Kann eine Klangmaschine Musik produzieren? Setzt Musik nicht Rhythmen, Wiederholungen, Harmonien voraus, eine Intention, die Beherrschung eines Instruments, Empfindsamkeit? All das ist der Klangmaschine fremd, sie kennt keine Empfindsamkeit, auch keinen Sinn, genauso wenig wie ausgeschnittene Buchstaben, die man in einer Trommel mischt und auf ein Blatt Papier schüttet. Die PET-FLASCHEN dehnen sich aus, ziehen sich zusammen. Dabei produzieren sie Töne. Völlig banal. Und dennoch kann man zuhören, so als säße man in einem Konzert. Heute mangelt es nicht an musikproduzierenden Maschinen. Die meisten leben allerdings von Algorithmen, die Geräusche oder Töne menschlichen Hörgewohnheiten entsprechend verarbeiten. Die Klangmaschine kennt nicht das geringste diesbezügliche Bemühen.

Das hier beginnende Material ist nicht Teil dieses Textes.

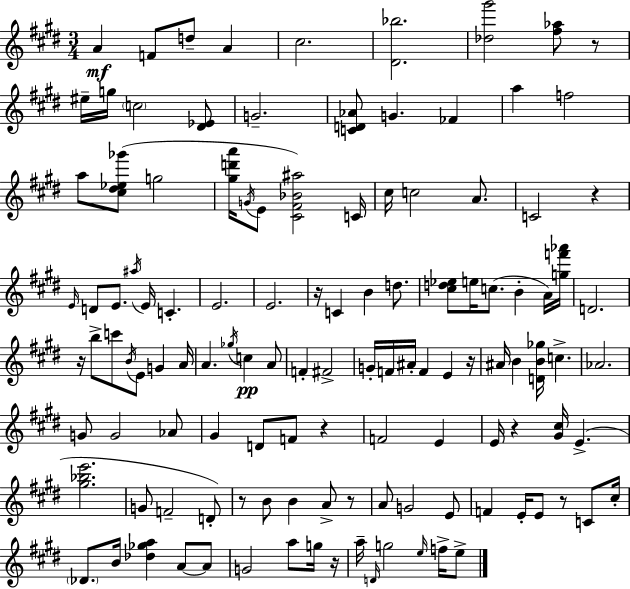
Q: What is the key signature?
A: E major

Im Gegensatz zu den PET-FLASCHEN sind Kühe empfindsam. Musik machen auch sie nicht. Glocken und Schellen hat man ihnen nur umgehängt. Das Geläute ist Folge unterschiedlichster Bewegungen. Und dennoch kann ich Kühen eine gewisse Musikalität nicht absprechen, mag ich auch nicht an das oft zitierte Ammenmärchen glauben, demnach Kühe, die mit Mozart beschallt werden, mehr Milch geben würden. Aber zweifellos sind sie fähig, Unterschiede in Tonhöhen, Tondauern und Lautstärkegraden wahrzunehmen. Im Gegensatz zur Klangmaschine hören Kühe hin. Sie können im Glocken- und Schellenklang aufgehen. Besonders beeindruckend das Geschelle nach Einbruch der Dunkelheit, vor dem Eintritt der eigentlichen Ruhephase. Die Kühe sind mit Wiederkäuen beschäftigt. Da bildet sich ein ganz bestimmter Rhythmus heraus, der freilich diese oder jene Brechung kennen kann.

Eines Abends, als ich der Klangmaschine und den Kühen auf der benachbarten Weide zuhörte, da hörte ich zum ersten Mal diese feine Melodie, den Klang einer Glasharfe, die aus dem Kuh-Gamelanorchester herauszuhören war. Es war keine Täuschung. Auch andere nahmen sie wahr. Ich ließ sie mir sogar vorsingen. Ein schwebendes darü - darü - da tü - da - tü - darü … Musste an eine Aufnahme von singenden Kopfjägern aus dem Hochland von Papua Neuguinea denken. Sehr ähnlich. Das Phänomen ist nicht einfach zu erklären. Sicher ist, dass es sich den Glocken, nicht aber den Schellen verdankt.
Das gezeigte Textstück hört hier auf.